Highlights
•DOAC drug
levels were tested in 18 post-BS patients and 18 matched controls.
•Five of 7
post-BS patients using rivaroxaban had subtherapeutic plasma levels.
•Patients
using apixaban and dabigatran had blood levels within the expected
range.
•After BS, we
suggest cautious use, if at all, of DOACs, particularly rivaroxaban.
•Until more
data become available, warfarin may be more suitable than DOACs after
BS.
Abstract
Objective
To determine
direct-acting oral anticoagulant (DOAC) blood levels in
post-bariatric surgery (BS) patients treated with long-term
anticoagulation therapy.
Methods
We identified from
medical records patients who underwent BS during 2005–2016 and who
were treated with DOACs. We offered testing DOAC blood levels to
these patients and to age, sex, body mass index, and serum
creatinine-matched individuals treated by DOACs who did not undergo
BS.
Results
Overall, 36
individuals were enrolled, 18 post-BS patients and 18 control
subjects. Of the post-BS patients, 12 underwent laparoscopic sleeve
gastrectomy, 4 laparoscopic adjustable gastric banding and 2
laparoscopic Roux-en-Y gastric bypass surgery. Median time lapsed
from surgery until study inclusion was 4.9 years.
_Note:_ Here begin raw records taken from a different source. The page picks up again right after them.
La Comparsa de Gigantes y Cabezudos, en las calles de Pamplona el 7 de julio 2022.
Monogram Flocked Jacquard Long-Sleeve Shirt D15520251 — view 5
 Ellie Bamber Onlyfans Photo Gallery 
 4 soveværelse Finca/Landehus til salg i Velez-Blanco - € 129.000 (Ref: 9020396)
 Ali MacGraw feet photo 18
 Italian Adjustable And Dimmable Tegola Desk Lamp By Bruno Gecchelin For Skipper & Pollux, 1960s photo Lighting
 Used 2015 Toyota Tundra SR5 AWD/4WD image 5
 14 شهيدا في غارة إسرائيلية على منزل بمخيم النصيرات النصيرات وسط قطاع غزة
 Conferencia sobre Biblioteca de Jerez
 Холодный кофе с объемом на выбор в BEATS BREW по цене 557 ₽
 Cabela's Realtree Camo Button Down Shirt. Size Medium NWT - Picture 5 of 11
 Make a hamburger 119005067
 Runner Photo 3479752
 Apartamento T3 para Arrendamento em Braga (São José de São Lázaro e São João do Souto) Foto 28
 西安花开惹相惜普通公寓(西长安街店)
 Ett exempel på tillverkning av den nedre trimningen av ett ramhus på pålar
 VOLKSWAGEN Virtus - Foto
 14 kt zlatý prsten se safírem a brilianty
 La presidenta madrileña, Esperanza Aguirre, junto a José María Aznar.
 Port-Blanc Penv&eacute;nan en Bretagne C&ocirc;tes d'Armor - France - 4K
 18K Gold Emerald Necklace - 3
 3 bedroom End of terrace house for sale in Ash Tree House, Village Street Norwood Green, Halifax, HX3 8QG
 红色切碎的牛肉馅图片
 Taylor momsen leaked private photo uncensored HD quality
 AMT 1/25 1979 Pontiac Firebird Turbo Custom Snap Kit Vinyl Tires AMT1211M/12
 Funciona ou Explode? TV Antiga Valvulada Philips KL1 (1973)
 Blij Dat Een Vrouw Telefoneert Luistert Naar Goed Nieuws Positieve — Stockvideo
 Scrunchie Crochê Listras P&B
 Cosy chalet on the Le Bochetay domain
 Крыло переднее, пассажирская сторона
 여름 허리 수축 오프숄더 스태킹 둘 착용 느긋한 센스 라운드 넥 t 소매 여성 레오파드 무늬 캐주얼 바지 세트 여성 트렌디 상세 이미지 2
Five post-BS
patients had peak drug levels below expected levels compared to none
of the control subjects (P = 0.05). For patients who used
apixaban (n = 9) and dabigatran (n = 2), peak drug levels
were within the expected range. In contrast, for the 7 patients who
used rivaroxaban, levels were below the expected range in 5,
including all four who underwent sleeve gastrectomy and one following
adjustable gastric banding. Peak rivaroxaban levels were
significantly lower in the post-BS than the control group (P = 0.02).
Conclusion
This preliminary
study suggests that all DOACs, particularly rivaroxaban, be
cautiously used following BS, if used at all. Given that vitamin-K
antagonists can be easily monitored, they may be a better choice,
until more data on DOAC use in this patient population are available.